Ш. потолстел, полысел и, видно, совсем отошел от политики. Напомнил я ему нашу встречу в Лужках, тогда она очень его напугала, так как я был на нелегальном положении. Теперь и самому ему смешно.
22 мая
Через нашего знакомого студента Лю получила на несколько недель работу на виленском складе семенных трав, а вместе с нею и я. Теперь каждый день ходим на Офярную [38] улицу (название какое!). Что до меня — так работа не очень тяжелая, только пыльная. Возвращаемся домой черные, как черти. За неделю можно заработать шестнадцать злотых. Для меня это целый капитал. Рассчитался с хозяйкой за квартиру и купил еще новые брюки.
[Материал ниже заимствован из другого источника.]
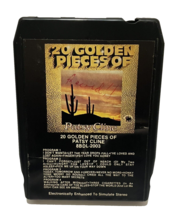 Patsy Cline 8-Track Tape 20 Golden Pieces of Patsy Cline Collection - £6.20 GBP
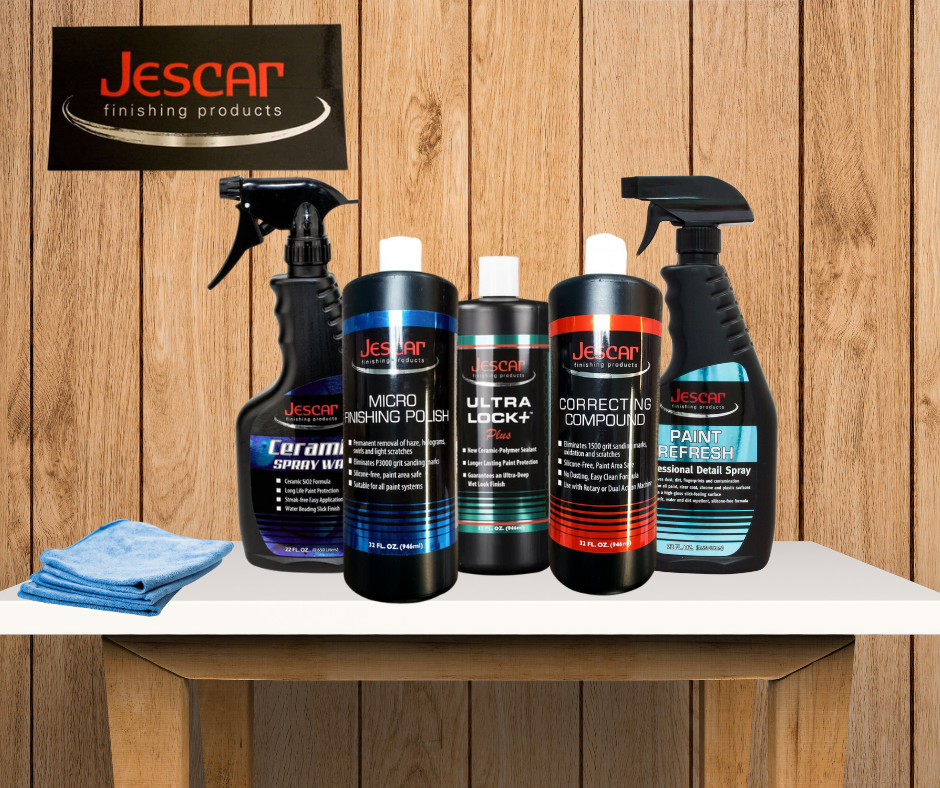 Jescar Detailing Products RoostersPaintandBodySupplies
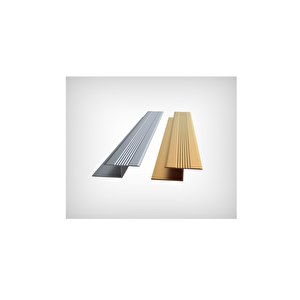 30x8 Mm Lami̇nant Parke Z Profi̇li̇ Sari ( 5 ADET )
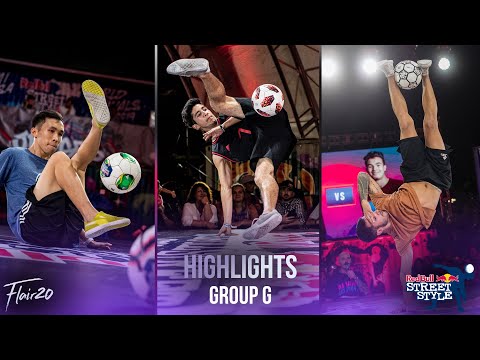 Red Bull Street Style 2019 - Group G Qualification Highlights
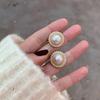 Pendientes de plata 925 con forma de perla de amor, con borlas dulces y temperamento floral, pendientes de Joker suaves para mujer, venta al por mayor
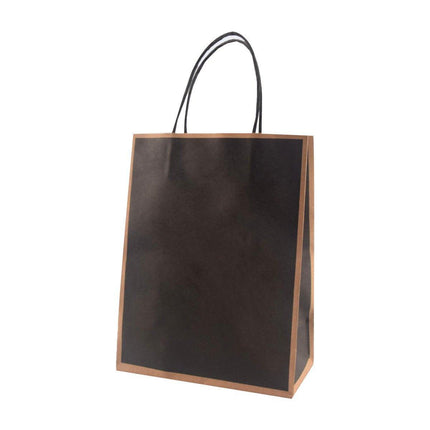 Gift Kraft Paper Bags for Packaging and Takeaway 50PCS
Вечером забежал ко мне И. Поругались. Неделю тому назад я читал ему в музее отрывки «Силаша», и он, как и подобает правоверному хадеку, не мог мне простить, что молодость моего героя связана с Москвой, с революцией. Представляю себе, как завизжат мои критики с Завальной и Острой Брамы, если мне удастся закончить поэму. Провожая гостя, напомнил, что в последнее время он нарушает нашу прежнюю договоренность, печатая в своем журнале разного рода антисоветские материалы.
24 мая
На склад, где я работаю, приходили Шутович и редактор львовских «Сигналов». Но они не отважились лезть в наше пыльное и душное пекло, где рабочие пересыпали, взвешивали и складывали в бунты мешки с семенами трав. Обидно, что я поздно узнал об их визите.
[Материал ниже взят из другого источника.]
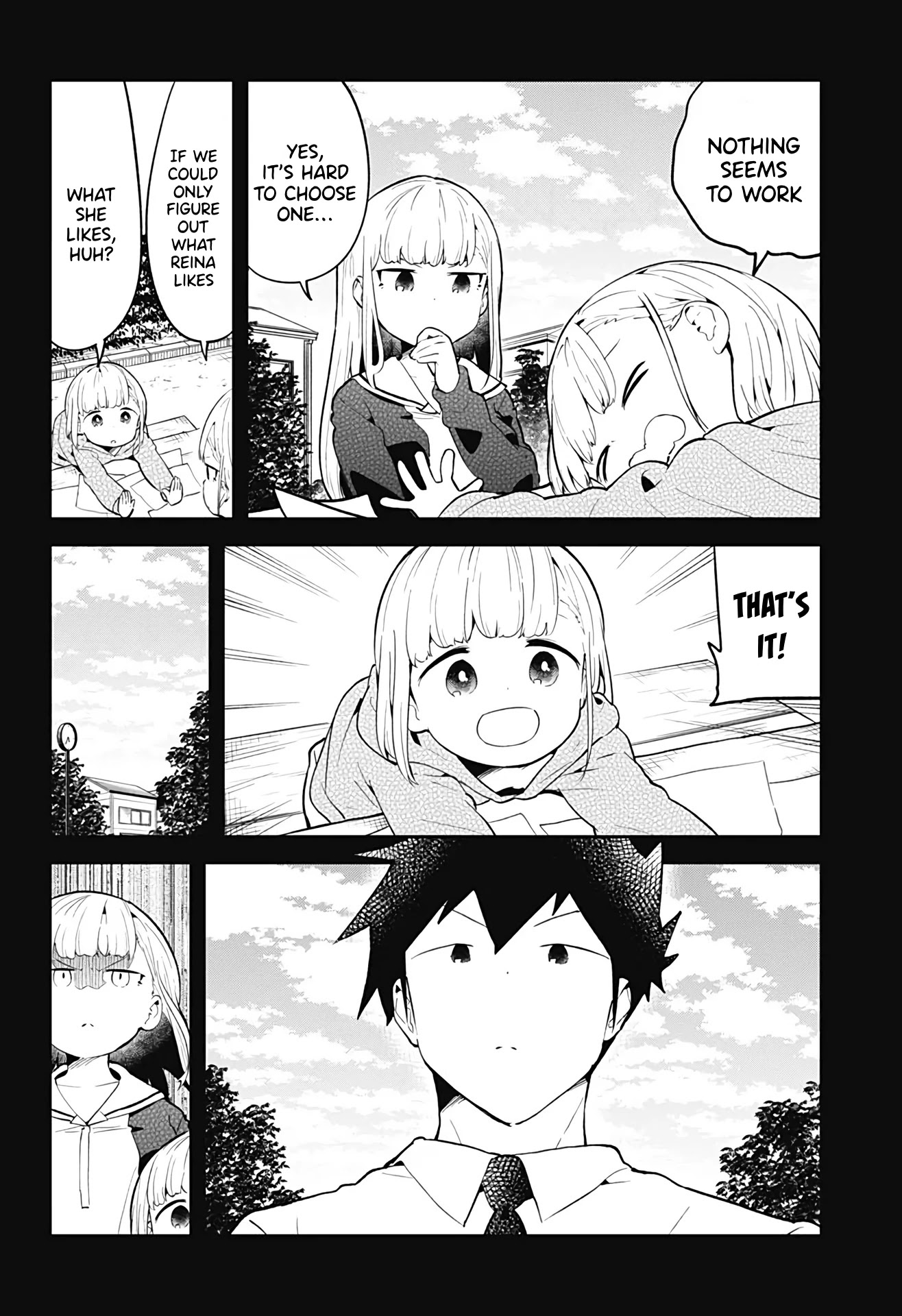 Aharen-san wa Hakarenai Chapter 106 page 7 - Chapter 106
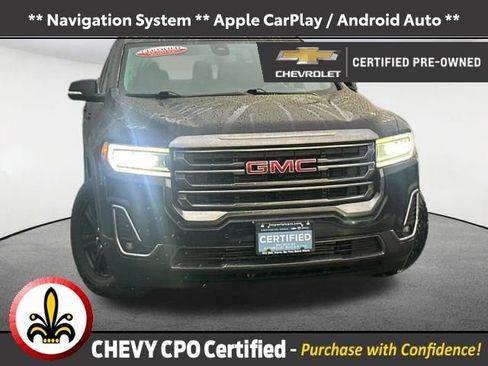 Certified 2021 GMC Acadia AT4 w/ Trailering Package image 1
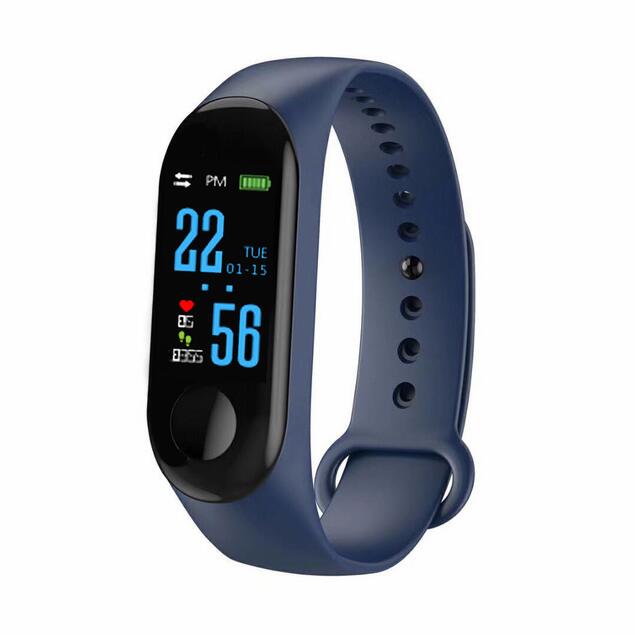M3 Pro Smart Band Waterproof Fitness Tracker VS M3 Plus Smart Bracelet Blood Pressure Heart Rate Monitor PK Mi Band 3 - Amzon World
Условились с Лю после работы, умывшись под пожарным краном, пойти в кино.
А в городе такая жарища, что не знаем, как от нее и спасаться. Опустели все улицы. Только возле гостиниц день и ночь дежурят женщины с голодными, взывающими к сочувствию глазами.
25 мая
Многие наши революционные поэты стесняются признаваться в любви к своему родному углу, к своему дому, семье, чтобы не сочли их людьми ограниченными. О себе могу сказать, что край моей юности стал неотделимой тенью моей поэзии. Когда-то у меня было много любимых поэтов, а теперь мне трудно назвать даже несколько имен. Часто я нахожу интересные вещи у писателей, казалось бы, далеких мне, а у близких вижу много слабого, раньше я этого не замечал. Разница между тем, что я видел раньше и теперь, довольно ощутимая. Сколько я уже открывал на небосводе островков счастья, а потом убеждался, что это были земли, как и наша, полные горя и страданий. Сейчас я ищу новые формы, образы, краски, ритмы и рифмы. Рифмы? Я еще отбиваю перед ними поклоны, хоть они и начинают мне казаться ненужными костылями.
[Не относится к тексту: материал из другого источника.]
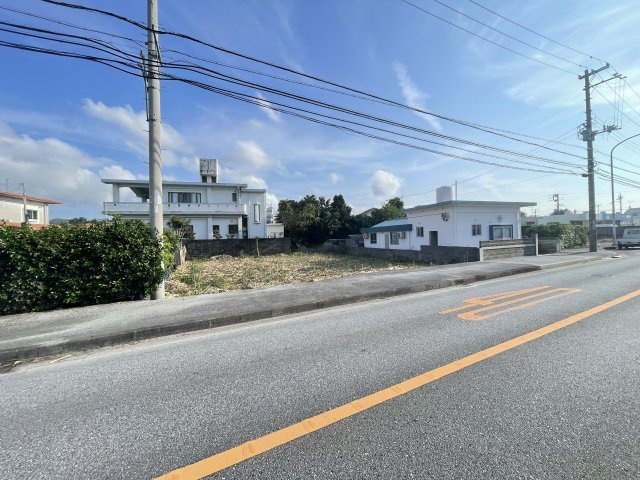 恩納村真栄田（全2区画オーシャンビュー）の外観|※各区画　約51坪♪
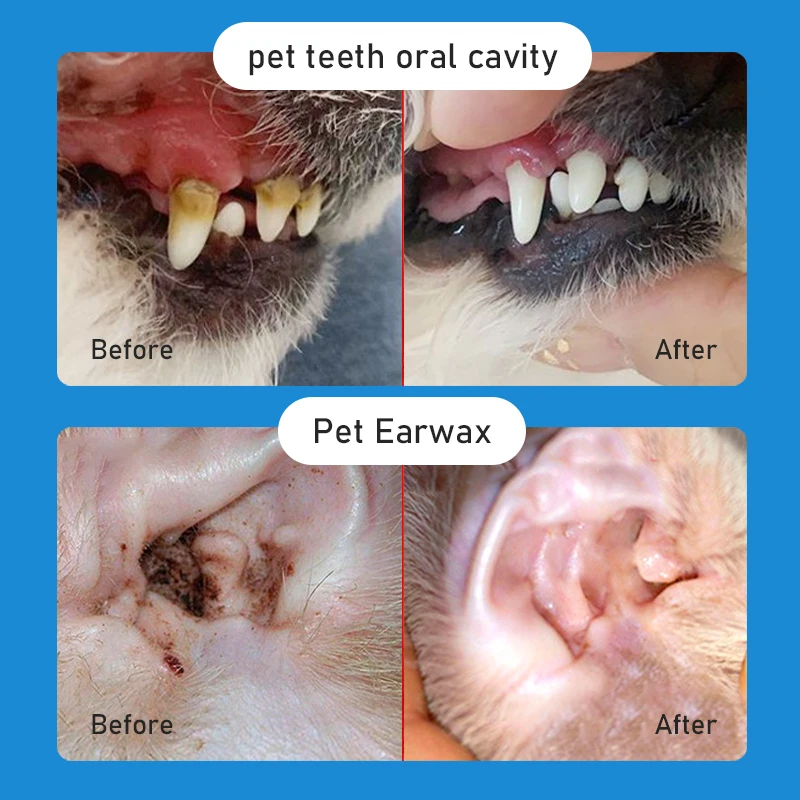 Mascotas Clean Pets Odor Remover Soothing Paw Balm Dogs Shampoo Shower Gel Claw Cream Cat Deodorant Spray Eye Stain Remover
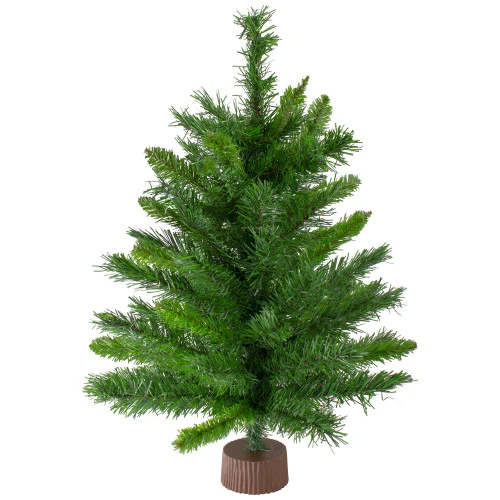 Northlight 24" Mixed Kateson Fir Medium Artificial Christmas Tree - Unlit 1 Northlight 24" Mixed Kateson Fir Medium Artificial Christmas Tree - Unlit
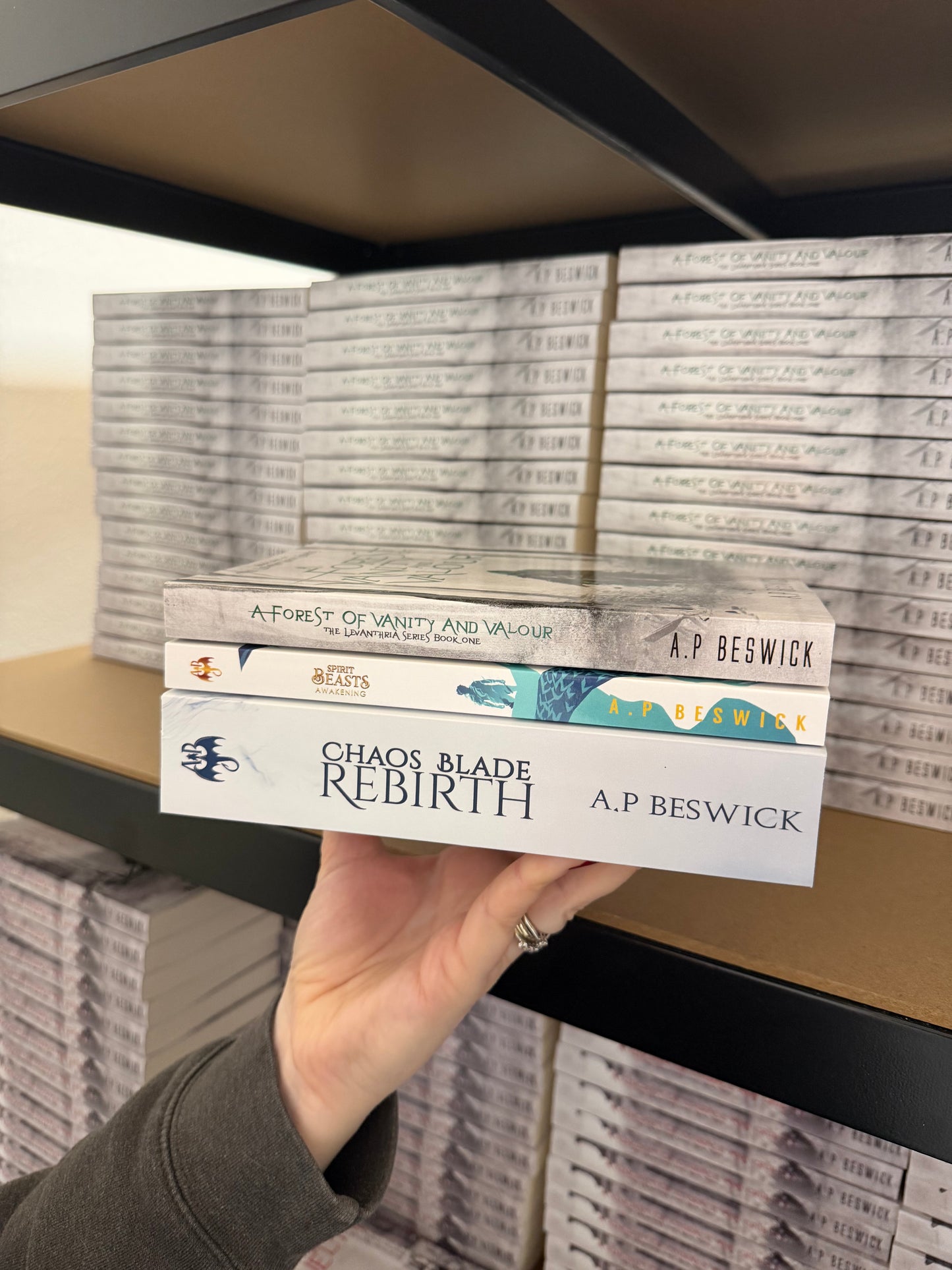 A.P Starter Pack (3 Book Bundle)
Написал стихотворение «На тюремной прогулке»:
— Кто там поет?
— Пан стражник, это
Смертник поет в ожиданье рассвета,
Поет, пока он еще не мертвый,
Поет в изоляторе тридцать четвертом.
— Но почему он поет? Для чего?
— Другого оружия нет у него.
26 мая
М. сказал мне, что один из его знакомых получил письмо от Якуба Коласа, который будто бы собирается в Париж и, возможно, на несколько дней остановится в Вильно или в Варшаве. Не знаю, насколько всему этому можно верить. С Кастусем условились, что я напишу письмо Якубу Коласу. Вечером, когда все уснули, я набросал черновик этого письма:
«Дорогой дядька Якуб Колас!
До нас дошло радостное известие, что Вы собираетесь навестить свою родину. Какое это было бы счастье для всех Ваших земляков — увидеть Вас, услышать Ваше слово, слово нашего народного поэта и одного из передовых строителей той новой жизни, за которую сражаются сегодня миллионы людей во всем мире.
Тяжелая обстановка, в которой мы работаем, многих вынудила отступить с передовых позиций литературы или замолчать навсегда. Но растут новые силы, складываются новые песни за колючей проволокой Березы, за решетками Лукишек и других тюрем и застенков. И песен этих не заглушить ни свистом полицейских нагаек, ни звоном кандалов.
Я уже несколько раз брался за перо, чтобы Вам написать, но все стеснялся Вас беспокоить. Да и слабая была надежда, что наш голос сможет прорваться через цензурные и пограничные заставы и дойти до Вас.